Yeah, they said "weon" in Chile. Its the equivalent to the "Tío" in Spain, and "guey" in Mexico.
I can't judge about the Colombian guy, there's a Colombian in my classroom, and sometimes we don't understand a shit of what he's saying... too much "bacano", "cucha", "chimbo", "chimba", "enguayabado", "pana", "parce", etc. A lot of words we don't know and we just make a weird face and yell him to speak in spanish, hahaha.
Mmmm, I'm not sure if you are right, usually in the mexican dubbing, they let the names without translating.
For example, in Mexico we don't translate Superman, Spiderman, Sandman, Batman, or titles of things like, "Batman the Dark Knight Rises"(In Spain they're translated to "Hombre Maravilla, Hombre de arena, Hombre murcielago, "Hombre murcielago, caballlero de la noche asciende"; I can't even write them without cringing...)

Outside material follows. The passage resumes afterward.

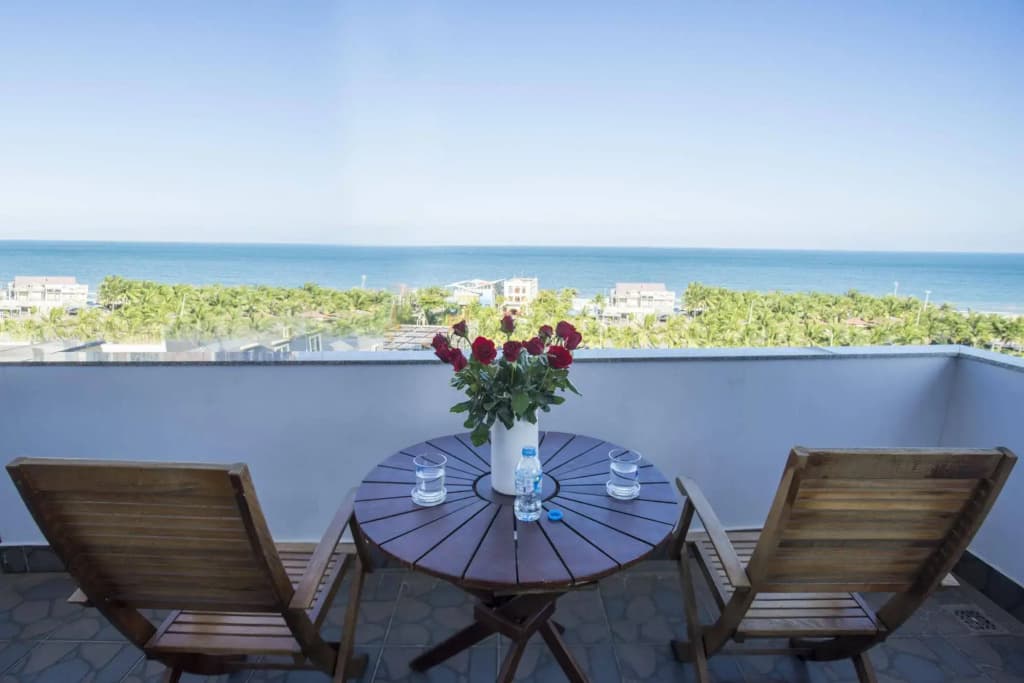 Dragon Sea Hotel - photo 12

That is one of the reason of why if I have to hear something translated to spanish, at least I want it to be the Mexican/latin american version.
I'll never forget that Spiderman game... translated in Spain. "Vamos Espiderman atrapa al Doctor Pulpo" or... Halo 2. "Eso es otro Jalo." (That's another Halo.) [In the Halo 3 dubbing, doing in Mexico, it was said the same way that in English.